Крестовые походы, кочевые набеги («сарматский череп на вид – беспечная рожа, воспоминание Азии, воля безволья»), обращения к Византии, «орел которой переплавился в крест», записки времен тридцатилетней войны, магический князь Одоевский и «пограничный немец» Герберштейн – участвуют в духовном поиске автора, но не в качестве архивных отсылок, а действенно, актуально, в виде живого отклика на явления сегодняшнего дня, хотя бы потому что его внутренняя жизнь происходит сейчас, на наших глазах. Любой стоящий поэт создает собственную мифологию – это можно сказать и об Юрии Соловьеве – но с одним существенным замечанием. Он не фантазирует, не лепит отсебятины, игра смыслов и звуков интересует его постольку поскольку, беспочвенность чужда ему, даже враждебна. Главная интрига этой книги как раз в том и заключается, что за предложенными текстами стоит прочная мировоззренческая основа, книжное знание, которое, пройдя через душу поэта, перестает быть книжным и догматическим. Автор ни в коей мере не иллюстрирует своего миропонимания, он живет им и оно также естественно для него, как и умение говорить. Обращение к некоторой первозданной традиции (думаю можно определить позицию Юрия Соловьева и так) во многом схожа с обращением к древности вообще. Именно в прошлом предчувствуются тени более совершенных цивилизаций, определены законы духовности и сокровенного знания. Мне трудно представить себе честного перед самим собой художника, знакомого с культурой древнего мира, и стоящего на позициях прогресса. Продолжающееся из века в век оскуднение духа, утрата преемственности поколений, связи с природой, переход философии и литературы на популярный уровень, все, что принято называть кризисом современного общества, несмотря на кажущуюся объективность процессов, вовсе не означает того, что мы должны принимать их как должное. Поэзия Юрия Соловьева тому подтверждение. Бунт, крик, неистовство обличений нерационально. Нужна ежедневная подвижническая работа, смирение, терпимость, способность называть вещи своими именами, поиск самых простых слов и формулировок, поскольку только они способны быть восприняты читателем, отвыкшим от многозначности и глубины. На мой взгляд, вольно или невольно, автор с этой задачей справляется. В практическом применении это – вопрос стиля.

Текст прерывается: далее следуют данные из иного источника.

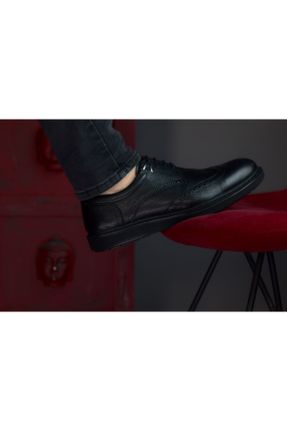 کفش کلاسیک مشکی مردانه چرم طبیعی پاشنه کوتاه ( 4 - 1 cm ) پاشنه ساده کد 218059194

Стихи Соловьева лаконичны, сухи, лишены образной красочности, уводящей от сути дела. Каждое слово, каждая строка призваны работать. Проходных моментов «взахлеб» в этом тексте не существует, – попросту не позволяет графика письма. И пунктуацией автор пользуется по назначению – он не разглядывает слова, любуясь множественностью смыслов их соединений, ему нужно быть понятым – такое простое, но почему-то редкое теперь качество. Все экспериментируют, не ставя себе целью достижения результата – и это стиль творчества и жизни, а Соловьев берет готовые формы и как бы стеснительно выставляет их напоказ. Книга написана за несколько заходов (о чем свидетельствуют даты написания стихотворений), но плодотворность этих вдохновений не выявляет ни поспешности, ни обаятельной небрежности, которые всегда простительны в подобных случаях. Наоборот афористичность некоторых стихов говорит о серьезной работе над словом: удивительно, что ему удалось записать эти откровения настолько быстро и точно. Обращения к фольклору и сказке приводят к канонической, единственно возможной форме, как оно и должно быть, например, в народной песне. «Я вчера с петухом сошлась, а под утро змеем снеслась, и по мне что князь, что язь, что под мышкой серная мазь».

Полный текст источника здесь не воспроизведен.